> **What is required**:
Repeat, line for line, only the span that opens at the "Lễ truy niệm, cung" line and closes at the final line below. Skip the pictures.

> **Data to use**:
>>

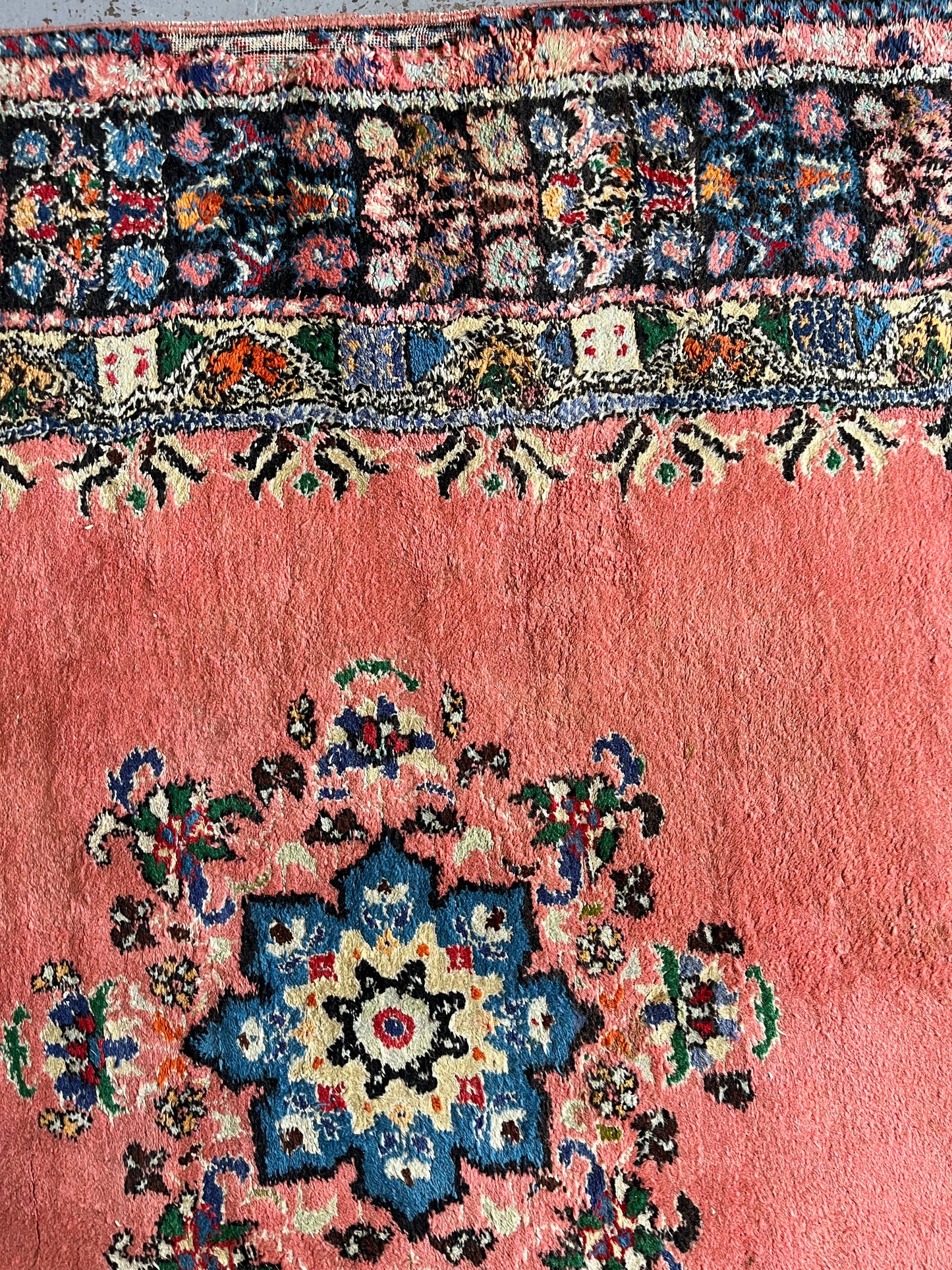 Grand tapis marocain ancien noué main en laine rose 305 x 206 cm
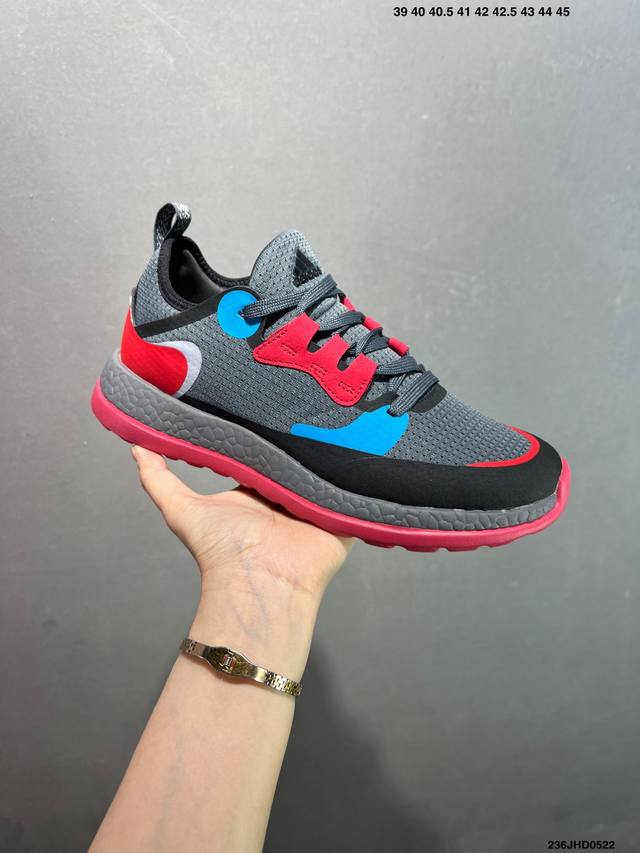 alphabounce Instinct M 阿尔法 这款跑步鞋 采用弹力鞋面 舒适贴合 旨在为专业跑步运动打造 中底力求助力足部内外侧运动 舒适贴合 Forg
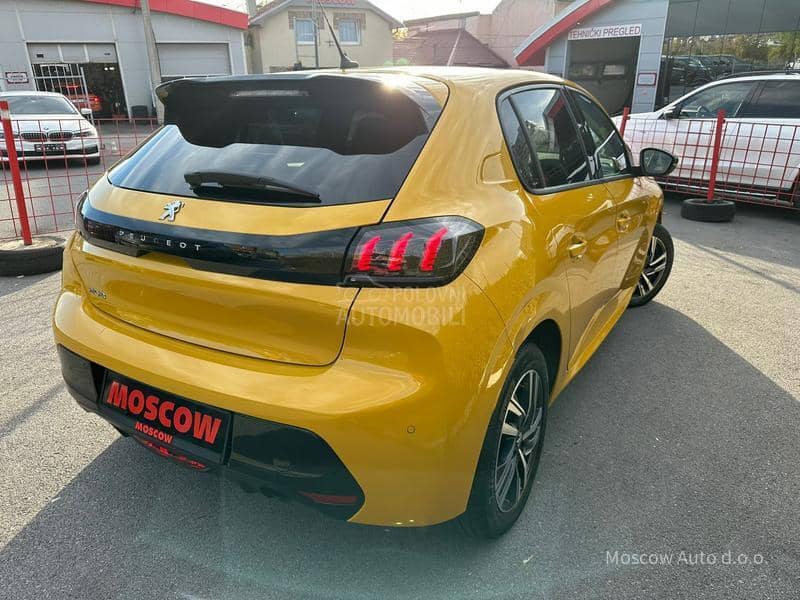 Peugeot 208 Allure pack 1.2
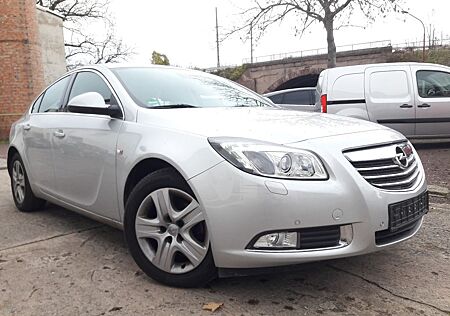 Opel Insignia 1.8 Edition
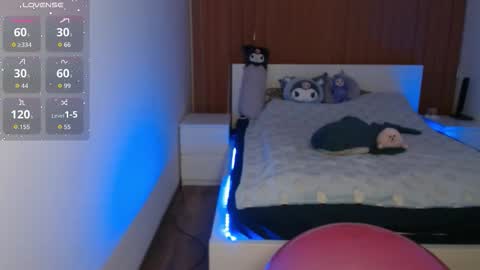 angie_faee online show from 8, 9, 2025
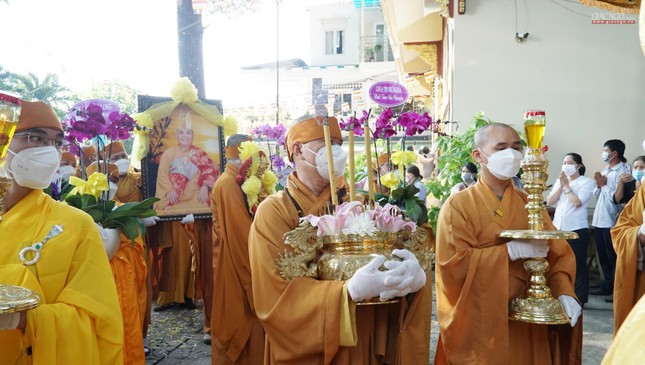 Lễ truy niệm, cung tống kim quan Hòa thượng Thích Nhựt Thọ nhập bảo tháp ảnh 9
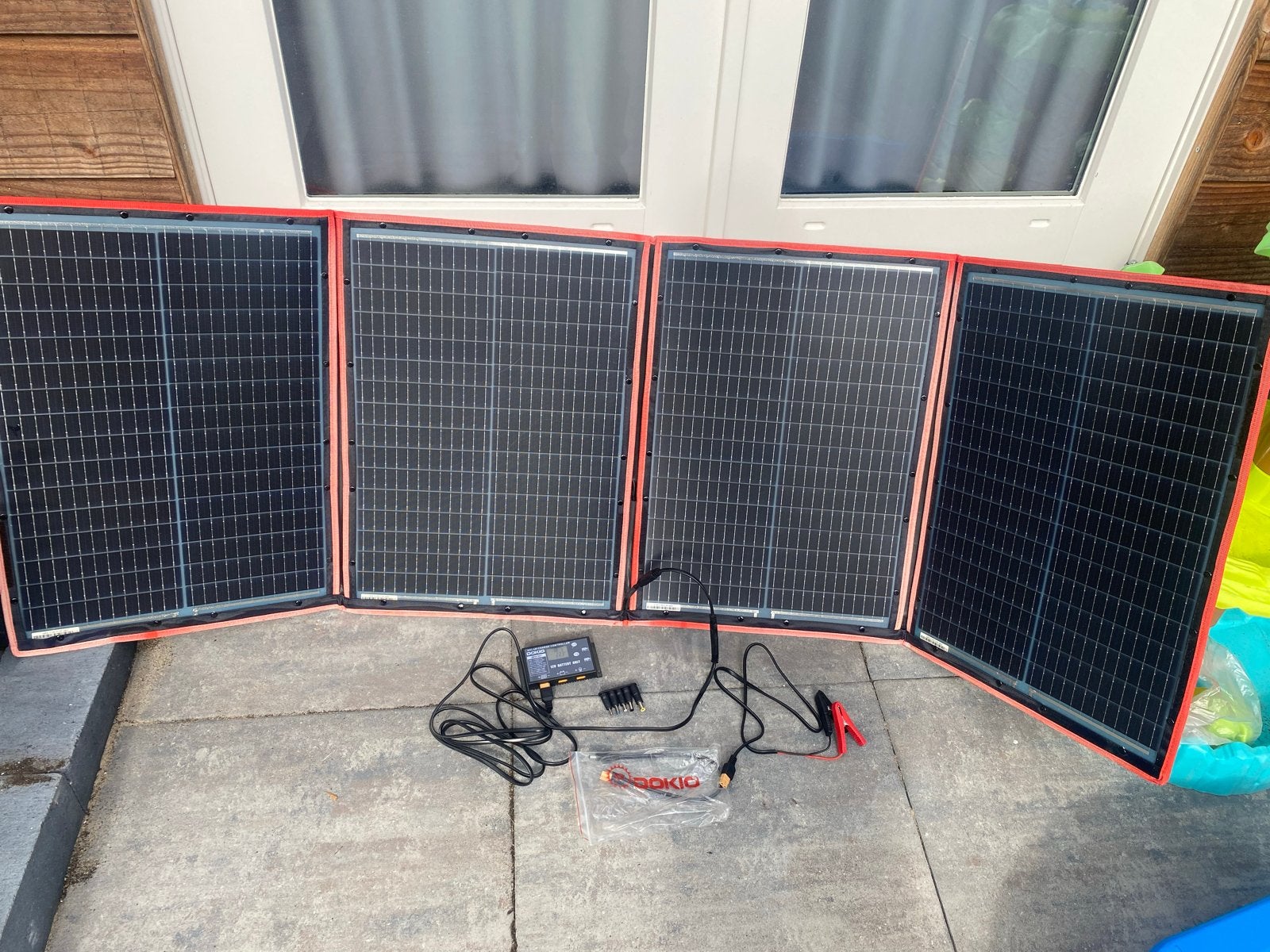 DOKIO Draagbaar Zonnepaneel 200 watt met Laadregelaar/kabels, Ophalen of Verzenden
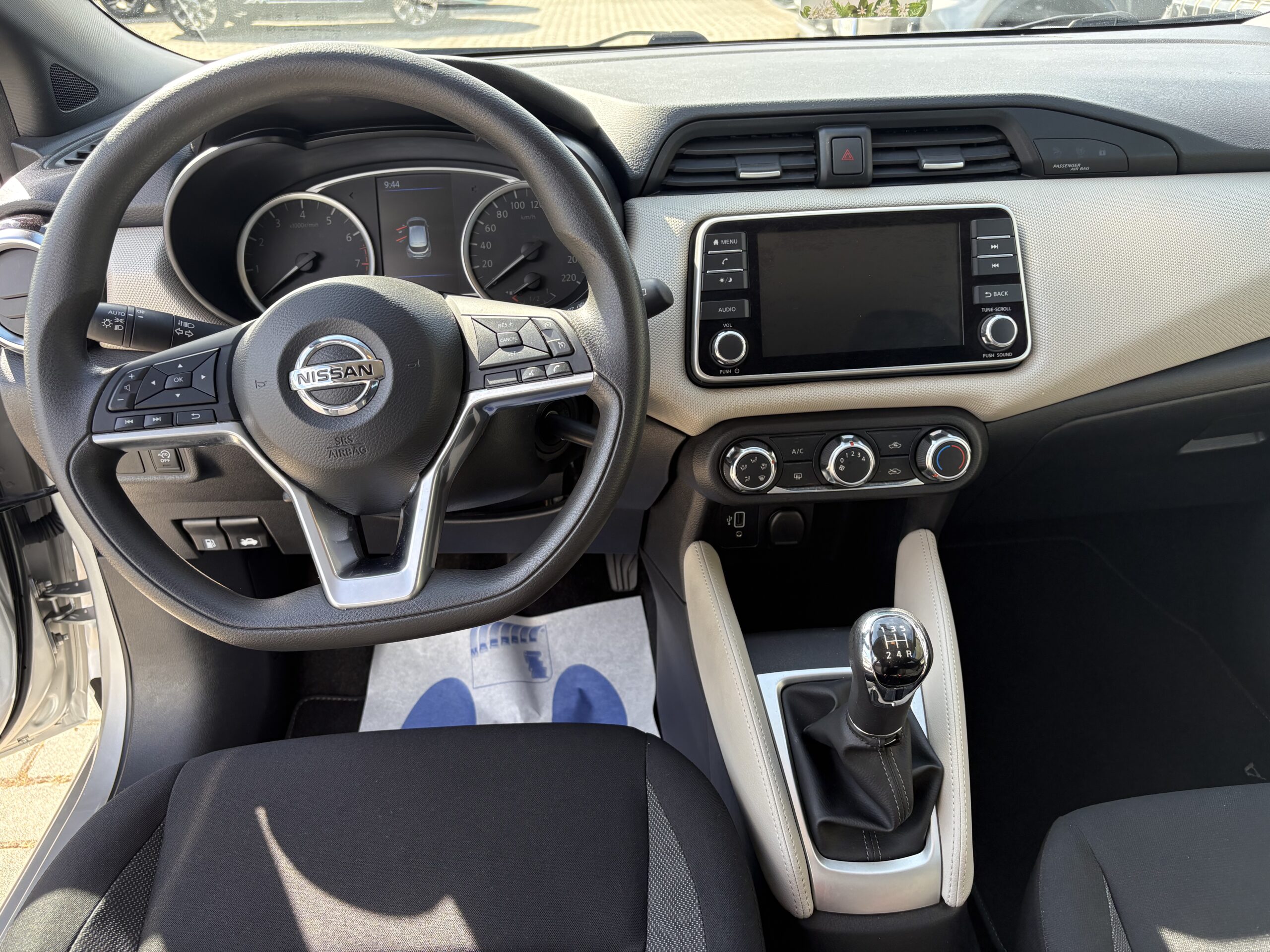 Nissan Micra Acenta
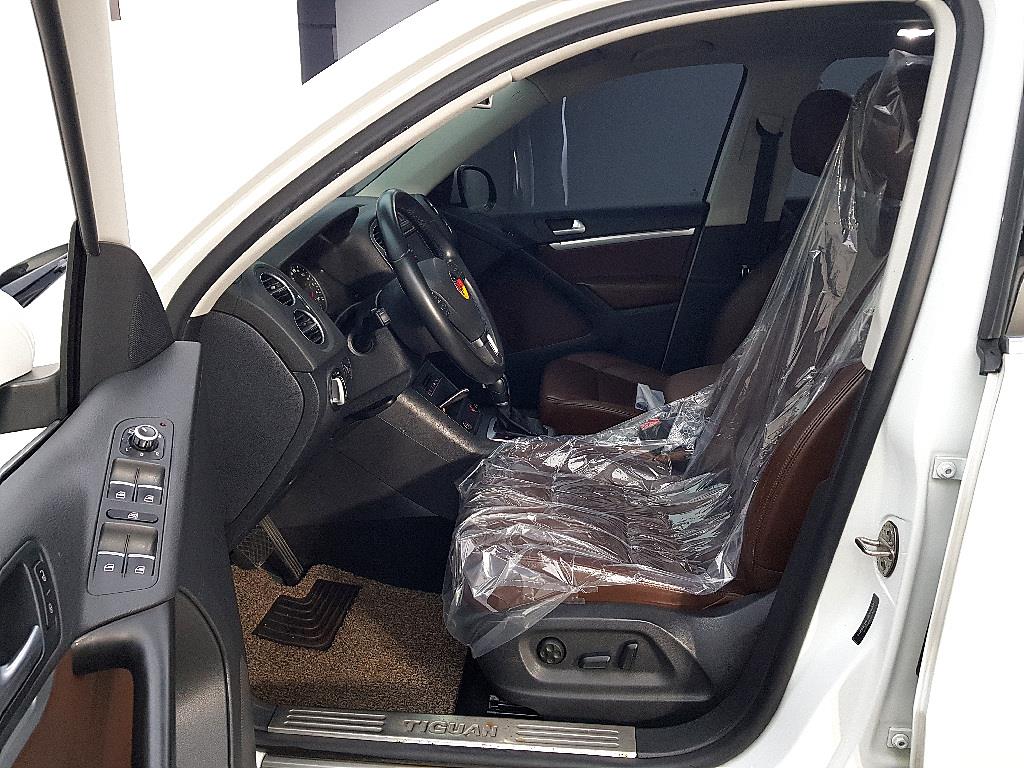 Volkswagen Tiguan - Vista 8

<<

> **Result of this exercise**:
 Lễ truy niệm, cung tống kim quan Hòa thượng Thích Nhựt Thọ nhập bảo tháp ảnh 9
 DOKIO Draagbaar Zonnepaneel 200 watt met Laadregelaar/kabels, Ophalen of Verzenden
 Nissan Micra Acenta
 Volkswagen Tiguan - Vista 8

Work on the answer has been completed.